The fact that we explain this as the general conscience of human beings of the world is the clearest proof of the existence of free will in human beings and the fact that they have free choice.

How can it be accepted that a human being be obliged in their actions and that they have no freedom of choice but are still responsible before the law? And, that when a law is broken, the person must be tried and asked why they did – or did not – commit a certain action. If proven guilt, that person is sent to prison or even, depending upon the crime, executed. This is exactly as if we were to punish stones which slide down a mountain causing a landslide on a mountain road which results in the death of one or more human beings.

It is true that a human being differs from a stone, but if we deny free will and choice in a human being, the difference between a human being and a stone will not be relevant in this instance – as both will be the victims of fate.

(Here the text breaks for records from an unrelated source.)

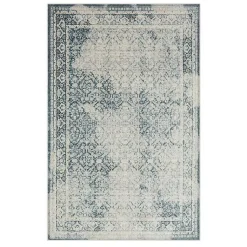 Kirklands Home Blue and Cream Blackwell Area Rug, 6x9 Discount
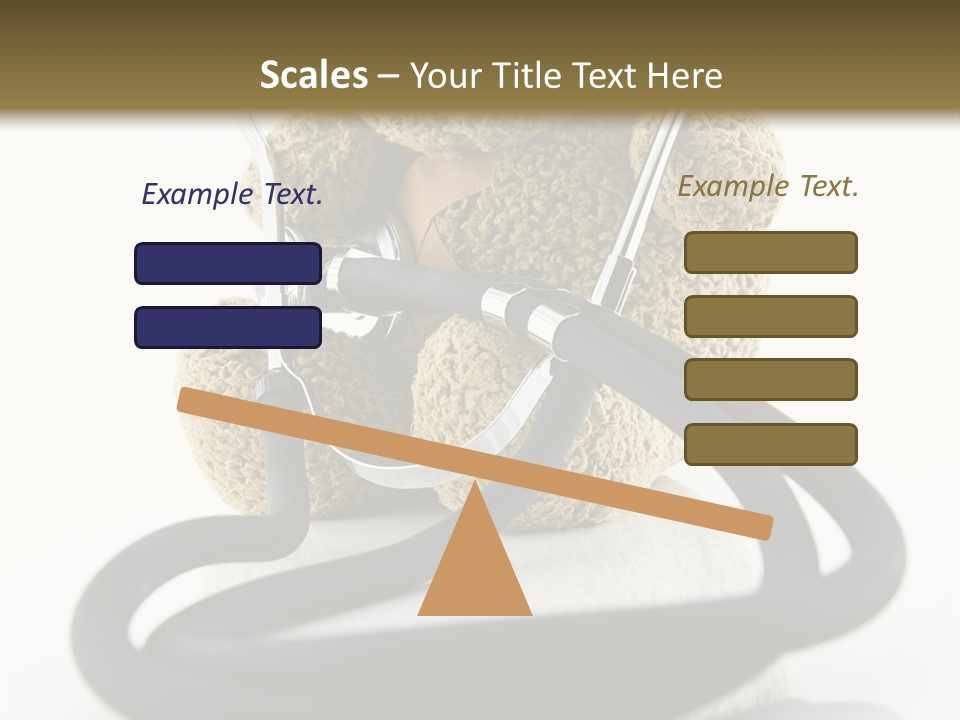 Examination Bear Wounded PowerPoint Template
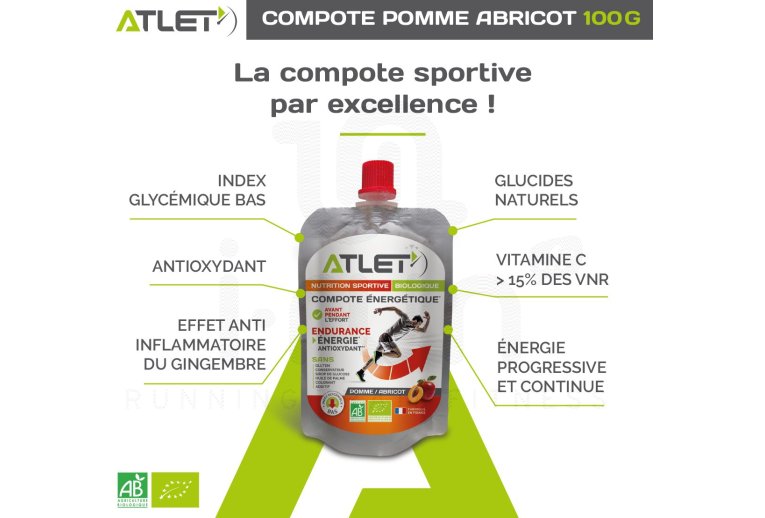 Atlet Compote nergtique - Pomme/Abricot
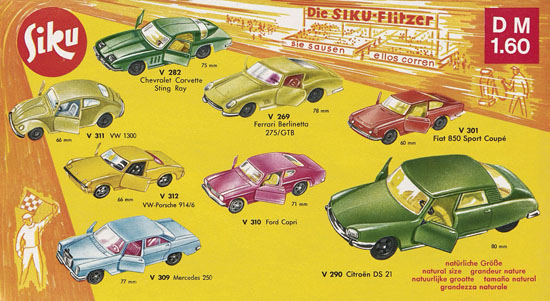 Siku Katalog 1971, Preisliste 1971, Bildpreisliste 1971, Verkehrsmodelle 1971, Siku Zinkgußmodelle 1971, Siku V-Serie 1971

A stone, following the law of gravity, falls upon the roadside and a human being who murders another, is the victim of another factor of fate. Thus, the logic of those who believe in predetermination allows for no distinction to be made between a stone and a human being from the point of view of result as neither the stone nor the human acted according to their own free will. Why should the human be tried and not the stone?

We are at a crossroads. We either have to deny the existence of the common conscience of all of the people of the world and consider the courts, punishment of those who disobey the law to be ridiculous and useless and even oppressive or we have to deny the beliefs of the fatalists. Obviously the latter is preferable.

It is interesting to note that those who believe in the school of fatalism, and give reasons for their belief, when they are faced with a real life situation, they act according to free will!

For instance, if a person aggresses against them, or annoys or bothers them, they take this person to court and do not rest at ease until that person is punished.

Well, if it is really true that a person has no choice or free will, what is all of this commotion and court and trial about?
At any rate, this common conscience of the intelligent beings of the world is a living idea for the reality that human beings have accepted the existence of free will in the depths of their being and have always been loyal to that. They cannot live without the belief in free will for even one day. This belief has caused the wheels of social and individual programs to progress.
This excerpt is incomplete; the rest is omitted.